Silo Générations, de Hugh Howey




Ce troisième tome est la conclusion des deux précédents. On y retrouve en effet les personnages principaux du tome 1 (Juliette) et du tome 2 (Solo et Donald). Finalement, dans ce troisième opus, les histoires des trois silos concernés (le Silo 1 où se trouvent Donald et sa sœur Charlotte, le Silo 18 où se trouvent Juliette, son père et leurs amis et le Silo 17, où l'on retrouve Solo/Jimmy et les enfants) se superposent, se rencontrent et se complètent.

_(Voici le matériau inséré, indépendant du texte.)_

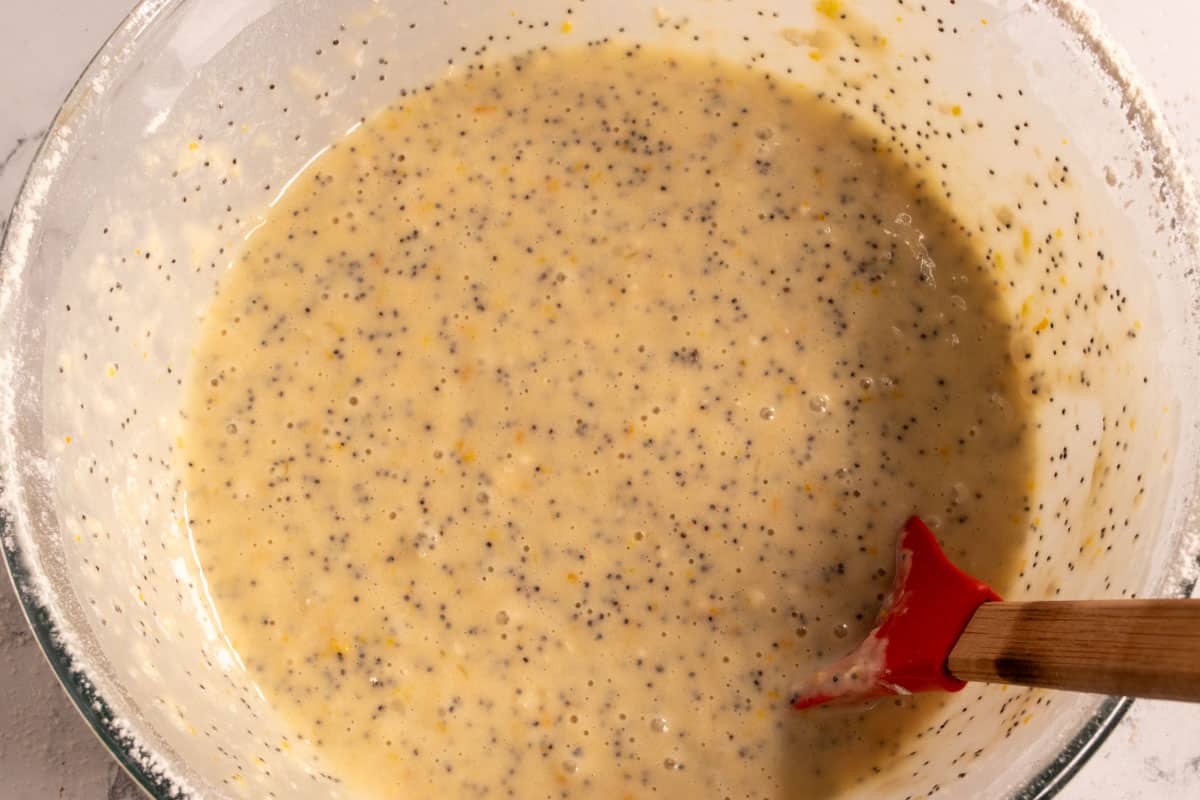 A poppy seed filled cake batter inside the pyrex bowl.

À la suite d'un soulèvement, le Silo 18 se retrouve face à une nouvelle donne : Tout en bas, Juliette et les travailleurs des Machines ont découvert une excavatrice qui va leur permettre de creuser un tunnel jusqu'au silo voisin, où Juliette a pu se rendre dans le tome 1 et où se trouvent pris au piège Solo et plusieurs enfants. Juliette parvient à faire la jonction entre les deux silos, mais elle se heurte à son retour à l'angoisse de ses « administrés » qui craignent pour la sécurité de leur propre silo. Devant la fronde, dont les habitants du Silo 1 ont eu vent, la liquidation du Silo 18 est décidée et ce n'est qu'en passant par le tunnel nouvellement créé que Juliette et les survivants du silo vont pouvoir échapper à la mort.

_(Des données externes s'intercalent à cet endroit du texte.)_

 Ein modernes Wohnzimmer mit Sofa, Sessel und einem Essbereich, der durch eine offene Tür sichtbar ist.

La suite est une question de survie, une histoire de vengeance. Et la recherche de la vérité, à laquelle vont s'atteler tant Donald et Charlotte dans le Silo 1 que Juliette dans le Silo 18 puis le Silo 17.

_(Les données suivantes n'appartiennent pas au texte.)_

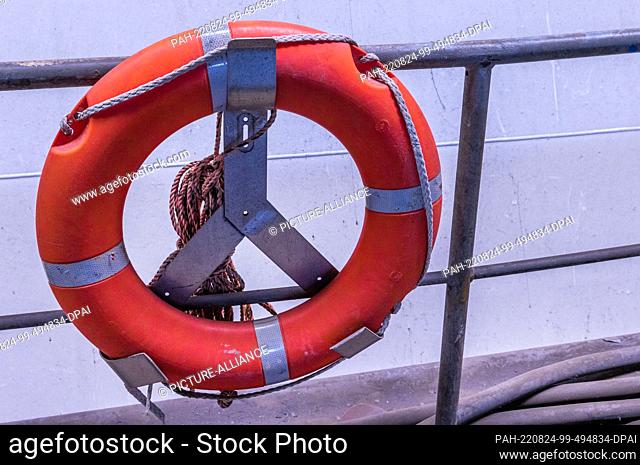 23 August 2022, Mecklenburg-Western Pomerania, Wismar: A life preserver hangs from a railing on the building dock in the otherwise empty shipbuilding hall of...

Comme pour les deux premiers tomes, le récit est bien monté, bien écrit, haletant. J’ai toutefois eu durant la lecture l’impression d’une lassitude. Comme s’il fallait terminer l’histoire, joindre les différents fils tirés par l’auteur au fur et à mesure du récit. Ce troisième tome est également plus court que les autres (un peu moins de 500 pages contre plus de 1000 pour le tome 2). Cependant, j’ai apprécié d’être arrivée à la fin de la trilogie. En effet, le récit est pesant, oppressant, très noir en ce qu’il décrit l’horreur dont les êtres humains sont capables par bêtise, volonté de pouvoir et de main-mise sur l’autre… Cela n’est d’ailleurs pas sans rappeler les questions qui se posent aujourd’hui et la question de la véracité ou non des informations qui sont à notre disposition. Où se situe la vérité ? Où se trouve la limite entre ce que nos gouvernants disent aux populations et ce qu’ils leur cachent, pour des raisons évidentes de sécurité et de maintien de l’ordre, mais aussi pour d’autres, moins avouables, de maintien de la main-mise sur les peuples. Un peuple qui ne sait pas ce qui se passe, qui est maintenu dans l’ignorance, est bien plus malléable...

Paru aux éditions Actes Sud (Babel), 2016. - ISBN : 978-2-330-06442-6.